--- Data for this task ---

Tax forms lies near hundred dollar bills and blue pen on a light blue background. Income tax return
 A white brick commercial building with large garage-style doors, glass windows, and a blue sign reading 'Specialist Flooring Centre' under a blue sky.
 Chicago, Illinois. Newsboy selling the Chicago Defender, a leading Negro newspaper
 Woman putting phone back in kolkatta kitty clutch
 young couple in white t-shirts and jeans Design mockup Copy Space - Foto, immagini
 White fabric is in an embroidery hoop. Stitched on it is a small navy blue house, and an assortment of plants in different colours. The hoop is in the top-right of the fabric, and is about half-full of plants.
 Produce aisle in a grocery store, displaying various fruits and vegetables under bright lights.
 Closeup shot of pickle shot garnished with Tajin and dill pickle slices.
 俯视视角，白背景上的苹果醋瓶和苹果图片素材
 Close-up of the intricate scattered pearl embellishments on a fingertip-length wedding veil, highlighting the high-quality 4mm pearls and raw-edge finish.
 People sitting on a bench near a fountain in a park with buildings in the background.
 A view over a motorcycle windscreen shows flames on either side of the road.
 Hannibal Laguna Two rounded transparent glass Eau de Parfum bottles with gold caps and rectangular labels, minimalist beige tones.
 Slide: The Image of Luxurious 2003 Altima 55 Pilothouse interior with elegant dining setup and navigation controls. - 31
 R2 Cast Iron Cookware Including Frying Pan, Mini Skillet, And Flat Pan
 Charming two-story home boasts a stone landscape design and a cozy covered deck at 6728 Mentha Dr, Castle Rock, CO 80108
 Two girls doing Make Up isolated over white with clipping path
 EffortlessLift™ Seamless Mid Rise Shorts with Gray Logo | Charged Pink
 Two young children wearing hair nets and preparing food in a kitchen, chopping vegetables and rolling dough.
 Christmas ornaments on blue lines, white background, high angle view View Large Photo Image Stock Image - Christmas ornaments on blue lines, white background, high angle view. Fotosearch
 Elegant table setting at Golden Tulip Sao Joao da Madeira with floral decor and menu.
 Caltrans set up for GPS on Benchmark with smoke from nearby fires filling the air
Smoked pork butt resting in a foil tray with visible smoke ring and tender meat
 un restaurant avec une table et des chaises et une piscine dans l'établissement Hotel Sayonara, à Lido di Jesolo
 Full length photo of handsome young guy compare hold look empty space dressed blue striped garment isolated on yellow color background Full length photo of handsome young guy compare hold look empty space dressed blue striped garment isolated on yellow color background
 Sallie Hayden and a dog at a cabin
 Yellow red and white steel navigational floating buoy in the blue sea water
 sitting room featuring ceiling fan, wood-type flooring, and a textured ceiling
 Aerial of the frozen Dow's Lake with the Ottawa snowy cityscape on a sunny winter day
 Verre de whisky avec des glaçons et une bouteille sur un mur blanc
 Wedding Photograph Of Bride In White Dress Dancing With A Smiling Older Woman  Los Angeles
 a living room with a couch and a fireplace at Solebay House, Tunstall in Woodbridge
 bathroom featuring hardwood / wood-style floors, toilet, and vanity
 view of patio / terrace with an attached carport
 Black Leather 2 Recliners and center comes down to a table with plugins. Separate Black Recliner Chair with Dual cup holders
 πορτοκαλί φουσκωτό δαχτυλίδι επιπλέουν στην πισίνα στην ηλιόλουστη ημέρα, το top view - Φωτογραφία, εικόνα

---

Which lines above run from the one containing "Closeup shot of" to the one containing "Sallie Hayden and a dog at a cabin"? Give them again exactly, both ends included.

◆ **Exercise output**:
 Closeup shot of pickle shot garnished with Tajin and dill pickle slices.
 俯视视角，白背景上的苹果醋瓶和苹果图片素材
 Close-up of the intricate scattered pearl embellishments on a fingertip-length wedding veil, highlighting the high-quality 4mm pearls and raw-edge finish.
 People sitting on a bench near a fountain in a park with buildings in the background.
 A view over a motorcycle windscreen shows flames on either side of the road.
 Hannibal Laguna Two rounded transparent glass Eau de Parfum bottles with gold caps and rectangular labels, minimalist beige tones.
 Slide: The Image of Luxurious 2003 Altima 55 Pilothouse interior with elegant dining setup and navigation controls. - 31
 R2 Cast Iron Cookware Including Frying Pan, Mini Skillet, And Flat Pan
 Charming two-story home boasts a stone landscape design and a cozy covered deck at 6728 Mentha Dr, Castle Rock, CO 80108
 Two girls doing Make Up isolated over white with clipping path
 EffortlessLift™ Seamless Mid Rise Shorts with Gray Logo | Charged Pink
 Two young children wearing hair nets and preparing food in a kitchen, chopping vegetables and rolling dough.
 Christmas ornaments on blue lines, white background, high angle view View Large Photo Image Stock Image - Christmas ornaments on blue lines, white background, high angle view. Fotosearch
 Elegant table setting at Golden Tulip Sao Joao da Madeira with floral decor and menu.
 Caltrans set up for GPS on Benchmark with smoke from nearby fires filling the air
Smoked pork butt resting in a foil tray with visible smoke ring and tender meat
 un restaurant avec une table et des chaises et une piscine dans l'établissement Hotel Sayonara, à Lido di Jesolo
 Full length photo of handsome young guy compare hold look empty space dressed blue striped garment isolated on yellow color background Full length photo of handsome young guy compare hold look empty space dressed blue striped garment isolated on yellow color background
 Sallie Hayden and a dog at a cabin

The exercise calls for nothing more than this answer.